Monday, December 29, 2014

Mount TBR #37



I read this book for the Mount TBR reading challenge 2014.

Murder in High Place - R. B. Dominic, 1970

When combative Karen Jenks is recalled from a small South American country where she was conducting research for her master’s thesis, she demands that her congressman help clear her name,. Her rep in D.C. is series hero Benton “Ben” Safford (D., OH). He starred in seven mysteries between 1968 and 1983. This is the second in the series.

Ben’s default setting is to do his best by his southern Ohio constituents. So, only reluctantly does he get involved in a matter that touches on foreign affairs. Just before a meeting at which he was going to discuss Jenks’ case, a foreign aid bureaucrat is bashed on the head and tossed out a window. Ben and his staff are also put in the poor position by Karen Jenks, who is beautiful, bright, and noisily suspicious of everything and everyone. Her obnoxious character is strong and attractive in a novel of vividly drawn insufferable characters. Also, many sensitivities and interests complicate matters for Ben’s office, the country's embassy, the State Department, and the Washington police.

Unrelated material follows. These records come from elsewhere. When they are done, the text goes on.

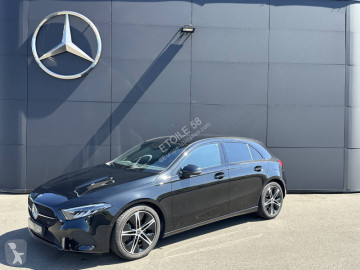 MercedesCLA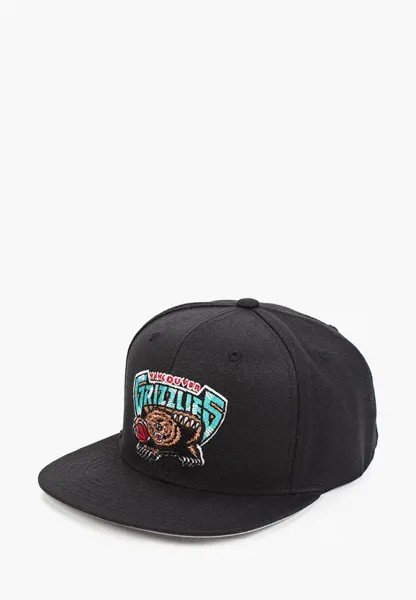 Бейсболка Mitchell & Ness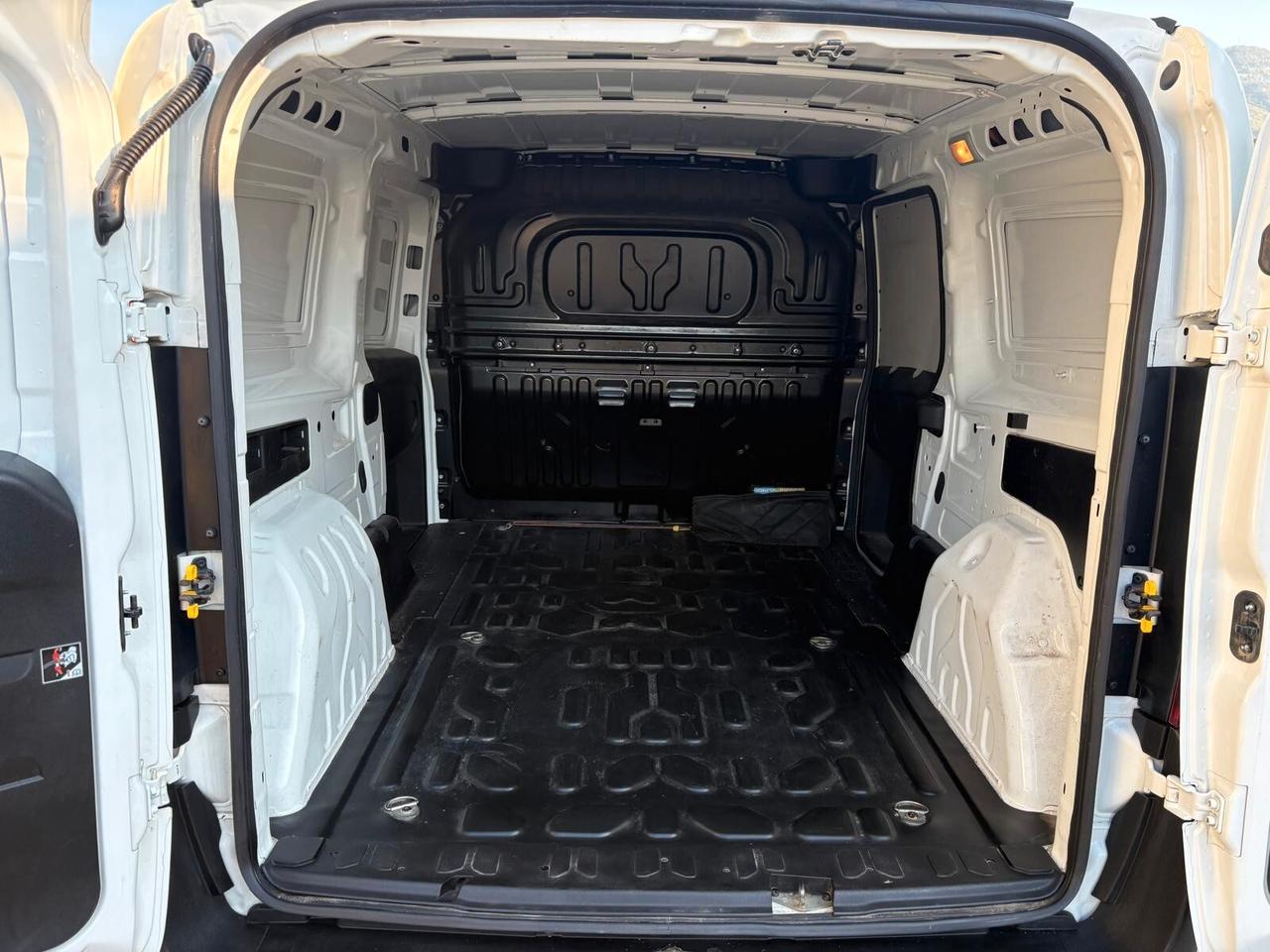 Fiat Doblo MAXI 1.4 NATURAL POWER 120CV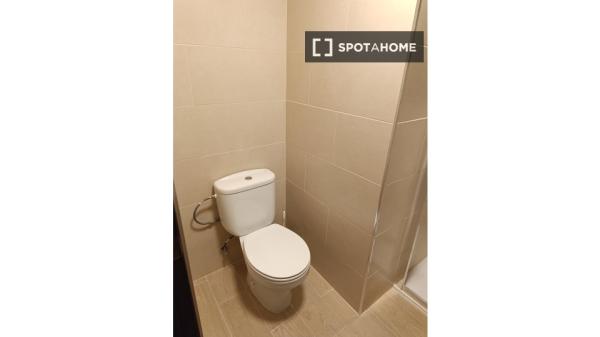 Room in shared apartment in Alcoi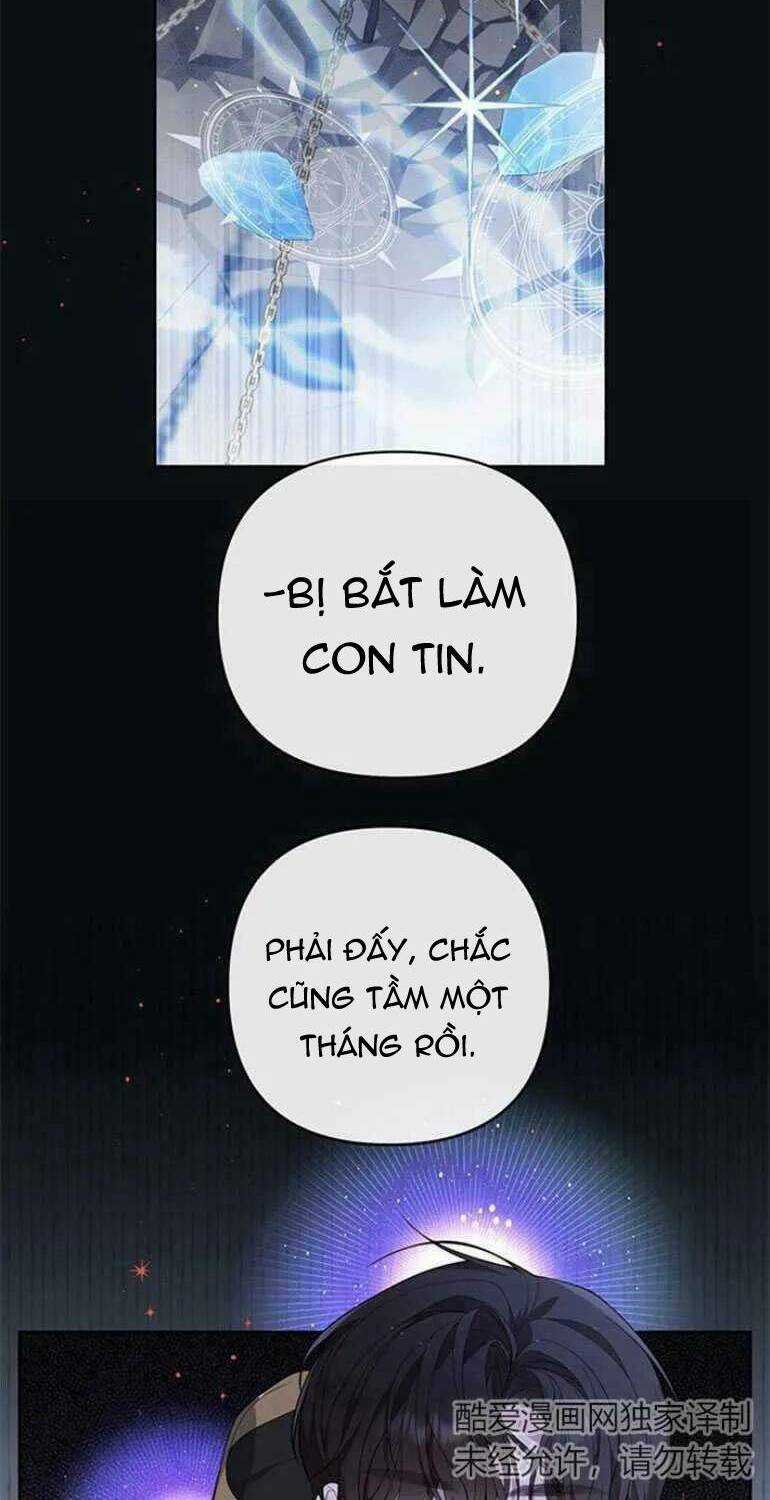 Bạo Quân Baby Chapter 8.1 trang 9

The reader gets the feeling of being privy to a closed world of insiders. However, given the novel was published in 1970, it feels in other ways like an artifact of a bygone age. Political disagreement is not a barrier to personal respect and friendship, an idea that seems quaint in our era of the institutionalized partisan divide. The conservatism-lite feels old-fashioned too. As we’d expect, people left of center are condescendingly dismissed as strident na├»ve utopianists. But John Adams and Theodore Roosevelt-like asides indicate the powerful elite in the public and private sectors are unscrupulous, undemocratic, and power-hungry so they need close minding and strict regulating.

The light tone is urbane and droll, the dialog suave and amusing. This is only what we would anticipate from R. B. Dominic, which was the pen name of two American businesswomen, economist Mary Jane Latsis (1927 –1997) and lawyer Martha Henissart (1929 - ). They also wrote under the name of Emma Lathen, with the series hero John Putnam Thatcher, a Wall Street investment banker before that job title became synonymous with “villain.”